Instead of being forced to deal with whatever block shows up, the player is given the option of a number of pieces, giving the illusion of ease and simplicity. Fluxe is simple. Its only control inputs are to tap the relevant block so it falls. That hides a challenge, however. The blocks can only land where the AI has designated them.
On the right hand side of the screen, pieces are laid out with them being transferred to the left with a tap of the screen. Wherever they happen to be on the right, they'll fall on the left adding quite an intelligent mechanic. Without being able to move pieces around, the player has to concentrate on creating lines from the tiles they've been provided with. There's no room for rotating which means speed isn't quite as vital as with Tetris. Fluxe immediately feels more like a logic puzzle than arcade puzzler.

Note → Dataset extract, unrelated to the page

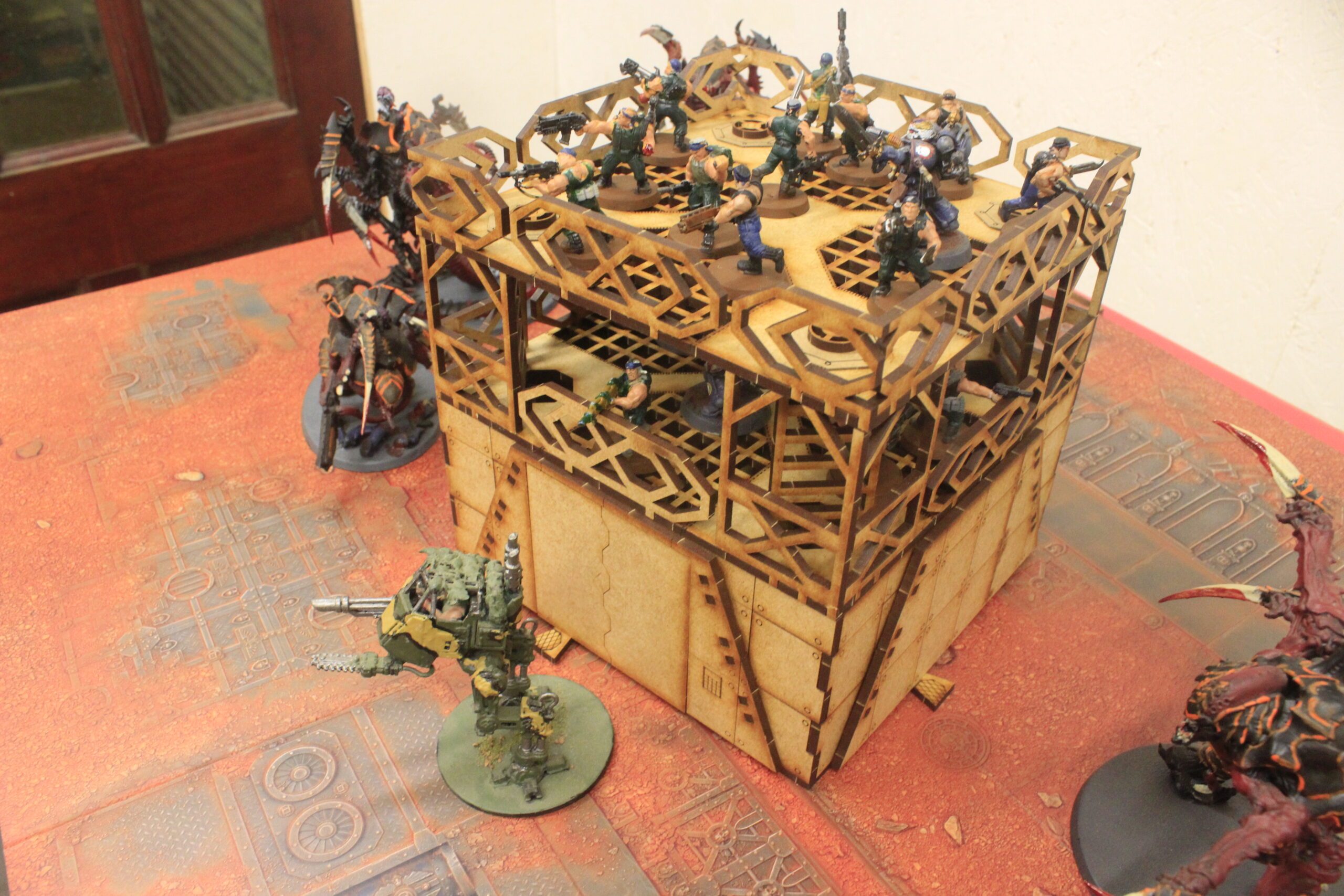 laser cut model kit 28mm wargaming space fort corridor outpost - Image 2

Help is provided by a timer which replenishes previously used tiles, but a different timer also affects when a broken line moves to the bottom of the screen, bumping action upwards. Hit the top and it's game over. Two power-ups of sorts help the way in the form of bombs and refresh tiles, but it's still challenging stuff.

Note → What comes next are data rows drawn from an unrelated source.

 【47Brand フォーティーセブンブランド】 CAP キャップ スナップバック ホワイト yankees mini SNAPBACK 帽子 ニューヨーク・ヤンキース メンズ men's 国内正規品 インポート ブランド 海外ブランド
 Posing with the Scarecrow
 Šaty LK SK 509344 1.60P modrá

At first, Fluxe is disconcerting and takes the player out of their comfort zone. It's not long before things begin to make sense though, and the game turns fun. It'd be nice to see more than one mode included, but that sole gametype is enjoyable and potentially never ending.
Fluxe isn't as easily accessible as something like Tetris but for fans of the genre keen for a new challenge, it is an enjoyable take on the proven formula.